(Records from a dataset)
────────────────────
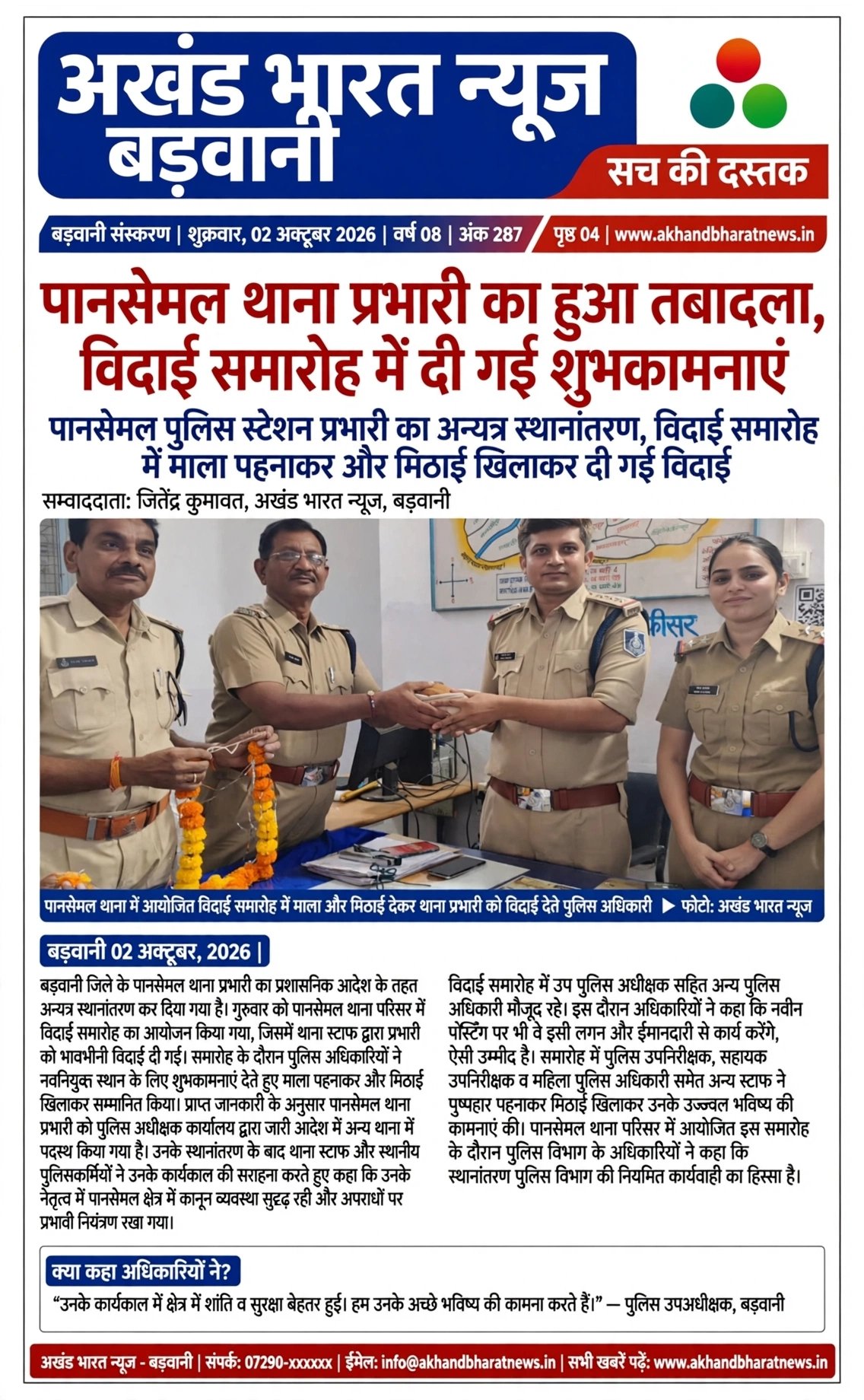 पानसेमल थाना प्रभारी का हुआ था बदला विदाई समारोह में दिए शुभकामनाएं🌹🌷👏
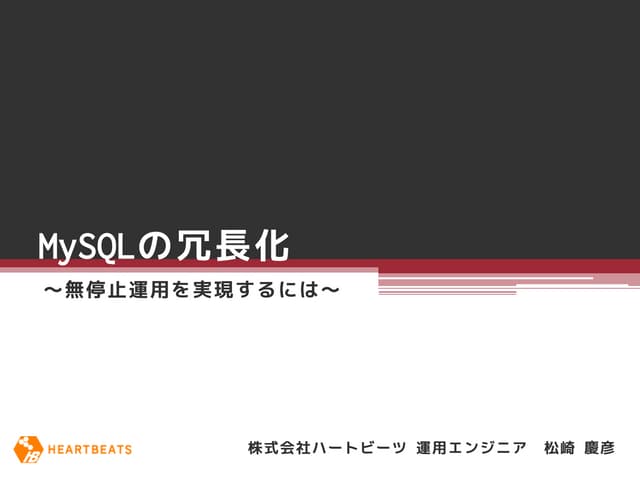 MySQLの冗長化 2013-01-24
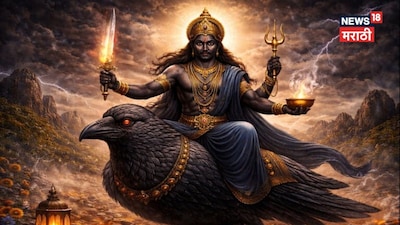 Saturn's Stern Gaze: 3 Zodiac Signs Face Major Upheaval on January 27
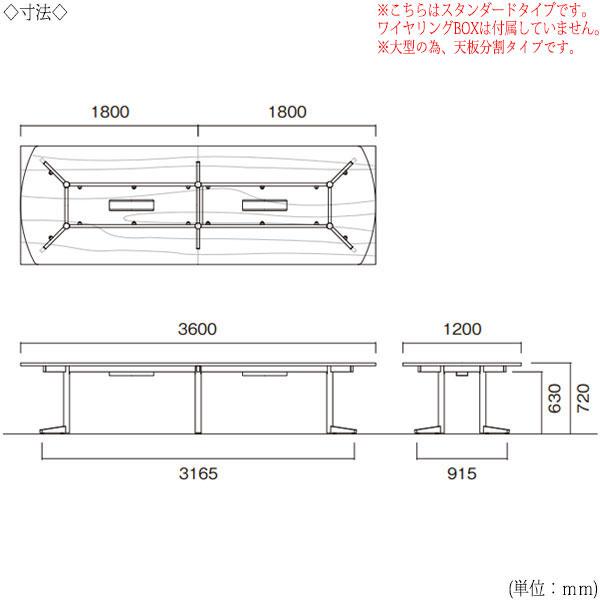 ミーティングテーブル 机 会議テーブル 幅360cm 奥行120cm 角型 スタンダードタイプ メラミン化粧板 木目 茶 白 NS-1486の画像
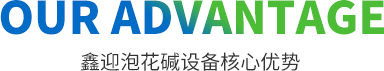 鑫迎泡花堿設備核心優勢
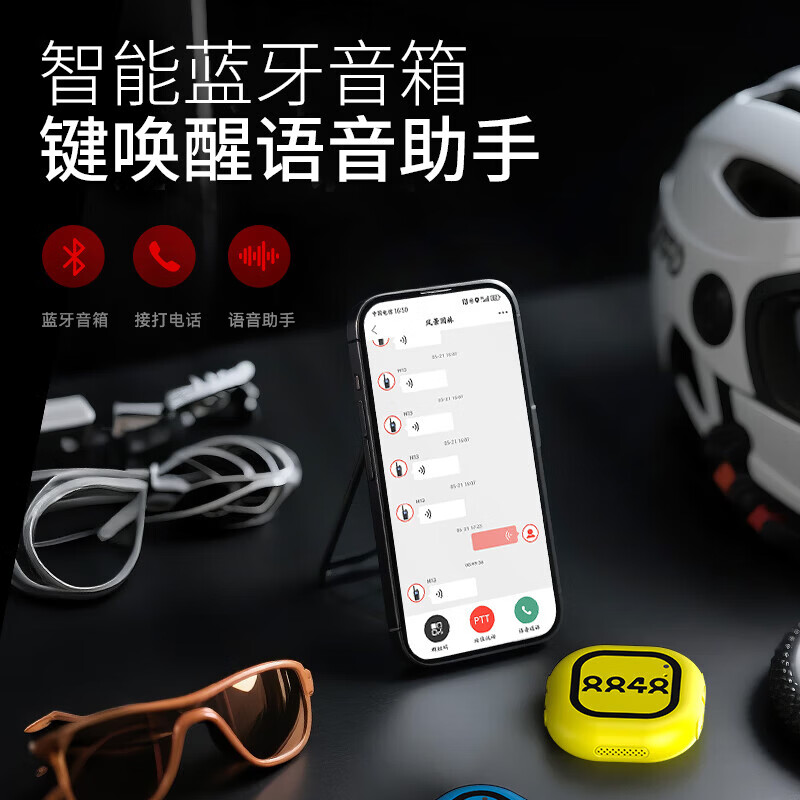 Traveler (Travor) ski walkie-talkie mini 5000 kilometers communication 318 self-driving tour outdoor sports handheld device 1 set-yellow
────────────────────
Work to complete: Exact copies of the lines from the one containing "ミーティングテーブル 机 会議テーブル" through the final line of the data are required; pictures are to be omitted.

Answer section:
 ミーティングテーブル 机 会議テーブル 幅360cm 奥行120cm 角型 スタンダードタイプ メラミン化粧板 木目 茶 白 NS-1486の画像
 鑫迎泡花堿設備核心優勢
 Traveler (Travor) ski walkie-talkie mini 5000 kilometers communication 318 self-driving tour outdoor sports handheld device 1 set-yellow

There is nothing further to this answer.